SSRIs are known for their pharmacokinetic interactions, as they serve both as substrates and as inhibitors of cytochrome P450 (CYP) enzymes. Therefore, in older adults, especially those on multiple concurrent medications, sertraline and citalopram are preferred due to their lower interaction potential. However, the US Food and Drug Administration has issued a warning that citalopram may prolong the QT interval on electrocardiogram, increasing the risk of fatal ventricular arrhythmias. Accordingly, sertraline is the preferred option in such cases [19].

Serotonin and norepinephrine reuptake inhibitors

SNRIs, such as duloxetine and venlafaxine, are considered alternatives to SSRIs in the treatment of depression in older and elderly adults when SSRIs are ineffective or contraindicated. These agents increase synaptic concentrations of serotonin and norepinephrine without affecting other neurotransmitter systems. They are typically used for severe depression, anxiety disorders, and chronic pain syndromes. Although they have a relatively favorable safety profile, SNRIs, like SSRIs, are not without adverse effects. In a comparative study involving elderly nursing home residents, venlafaxine was found to be less well tolerated than sertraline [20].

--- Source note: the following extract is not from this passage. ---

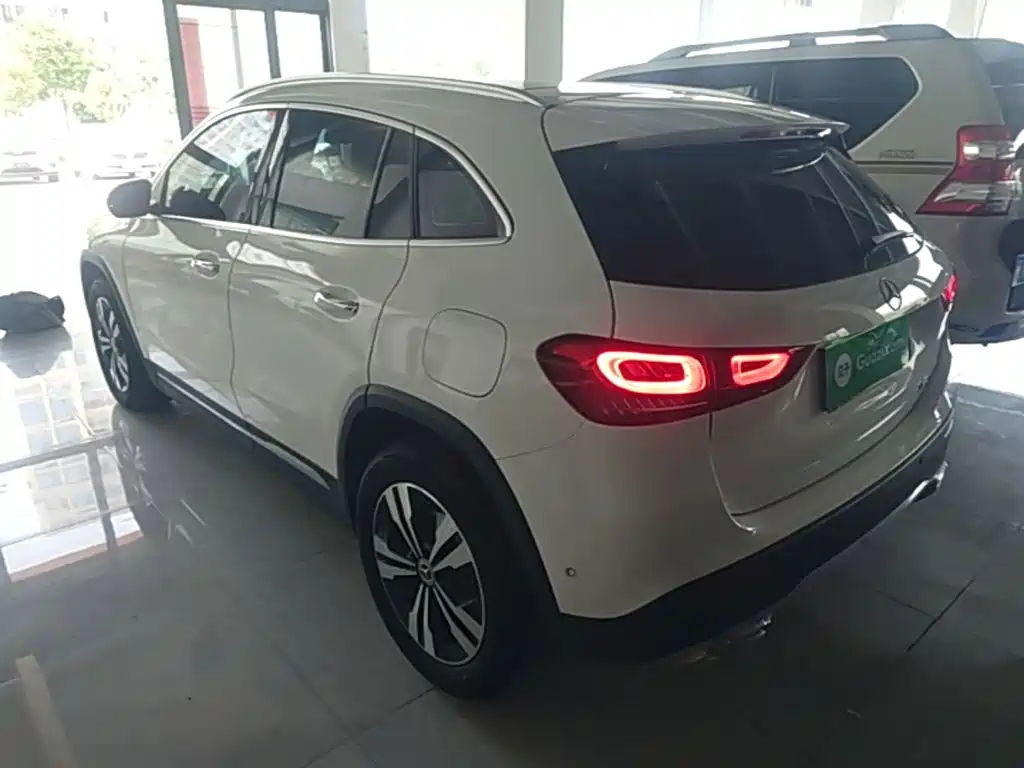 Mercedes-Benz GLA 2022 — фото 23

The most common adverse effects of SNRIs include nausea, dizziness, hyperhidrosis, and arterial hypertension. Sexual dysfunction is also frequently reported and may include decreased libido, erectile dysfunction, delayed ejaculation, and anorgasmia.

Similar to SSRIs, SNRIs are associated with an increased risk of bleeding, which poses a significant concern for patients receiving antithrombotic therapy [21].

Hyponatremia is another adverse effect to consider when prescribing SNRIs. The highest risk has been noted in women older than 65 years, especially those taking concurrent medications that may also induce electrolyte disturbances [22]. Monitoring of serum sodium is generally necessary only in patients with a history of hyponatremia or those who exhibit confusion shortly after therapy initiation.

Caution is warranted when prescribing serotonin-norepinephrine reuptake inhibitors to older patients with osteoporosis, as these agents may enhance bone resorption [23].

Atypical antidepressants

This class includes several agents with distinct mechanisms of antidepressant action: tetracyclic antidepressants (e.g., mirtazapine), triazolopyridines (e.g., trazodone), multimodal serotonin modulators (e.g., vortioxetine), and melatonergic-serotonergic antagonists (e.g., agomelatine).

Mirtazapine

The antidepressant effect of this drug is associated with its ability to enhance noradrenergic and serotonergic neurotransmission in the central nervous system. It blocks presynaptic α2-adrenergic receptors on both noradrenergic and serotonergic neurons, increasing the release of norepinephrine and serotonin. Serotonergic transmission is further enhanced via postsynaptic 5-HT1 receptor stimulation, facilitated by blockade of 5-HT2 and 5-HT3 receptors [24]. Mirtazapine also exhibits high affinity for H1-histamine receptors and low affinity for cholinergic, α1-adrenergic, and dopaminergic receptors. As it does not inhibit cytochrome P450 isoenzymes, mirtazapine presents a lower risk of pharmacokinetic interactions than SSRIs.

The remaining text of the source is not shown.